There is a delusion that macroeconomics is both viable and useful - a delusion encouraged by its extensive use of mathematics, which must always impress politicians lacking any mathematical education, and which is really the nearest thing to the practice of magic that occurs among professional economists.”

F.A. Hayek

Closing the loop on last month’s Absolute Return Letter

“Will you marry me?” The young man, not yet past the pimple stage, could hardly contain his excitement. “Yes, if you make me two promises”, the girl said. “Don’t ever ride a motorbike and promise me never to go into politics.” “I promise”, he said, and the rest is history.

The conversation took place in 1984, but I remember it as if it was yesterday. The young man was obviously me, and the girl was my wife-to-be. I bring it up now, because the recent US elections taught me (and my wife) an important lesson. Not only should I have promised never to enter politics. I should also have undertaken never to engage in politics of any kind – not even write about it.

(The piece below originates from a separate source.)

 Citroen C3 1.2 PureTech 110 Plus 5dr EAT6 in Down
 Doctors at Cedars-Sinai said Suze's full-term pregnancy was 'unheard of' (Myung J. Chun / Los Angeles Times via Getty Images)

The amount of offended US readers last month, when I made fun of Trump, made me realise that while I obviously cannot avoid commenting on politics altogether, as it has always had, and always will have, a major impact on financial markets, I can certainly stay away from commenting on individuals. Lesson learned.

The stagnation conundrum

Now to something more productive – a different way to look at how we get the economy going again. I apologise if this month’s Absolute Return Letter is a tad theoretical in places, but there is no way around it, and I hope you can follow my thinking. Our long-standing economic consultant Woody Brock visited us only a few days after the U.S. elections, and he inspired me to write this month’s Absolute Return Letter.

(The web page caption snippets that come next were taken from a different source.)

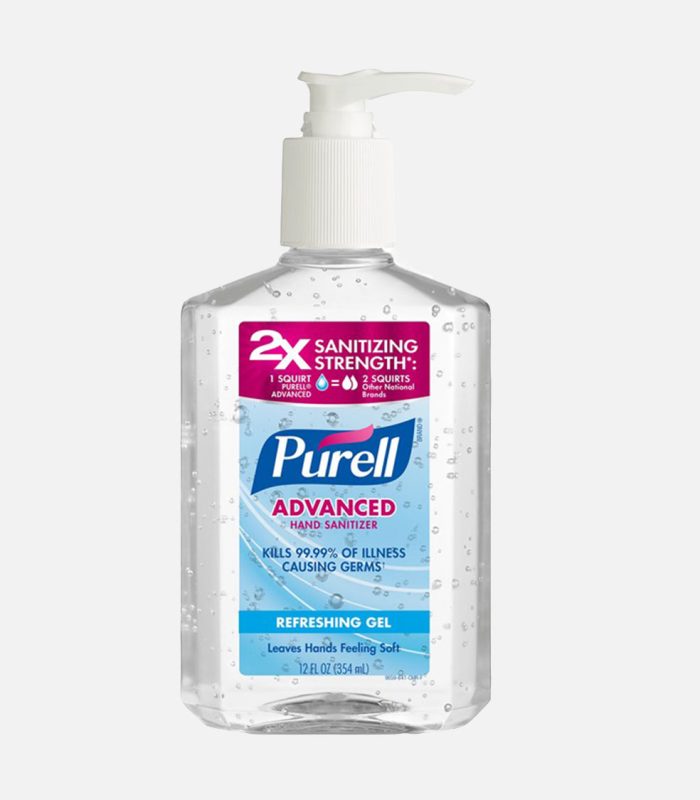 Advanced Purify Gel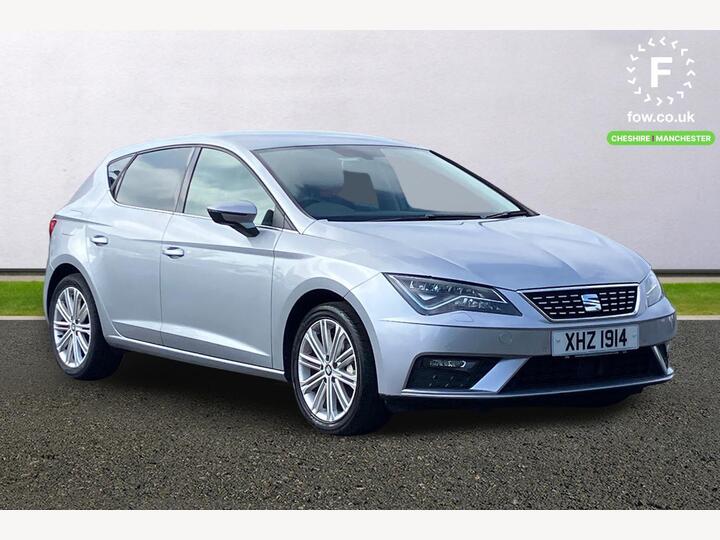 SEAT Leon 1.5 TSI EVO XCELLENCE DSG Euro 6 (s/s) 5dr
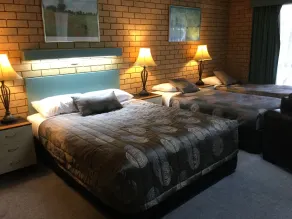 Sunrise Motel - Chambre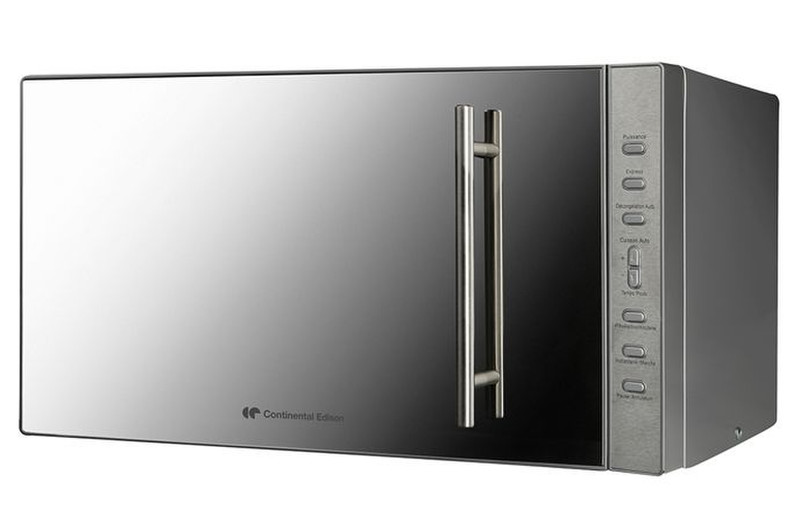 Continental Edison 23UX04 Countertop 23L 800W Stainless steel microwave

Charts 1a-d below tell a story of stagnation along several dimensions in some of the world’s leading – and most open - economies (the US, Germany and the UK). The picture is not 100% consistent. Germany, for example, went through a period of dismal productivity growth in the 1970s and 1980s, followed by a period of exceptionally high productivity growth in the 1990s post-reunification, but the trend line is consistent enough that it warrants further work and commentary.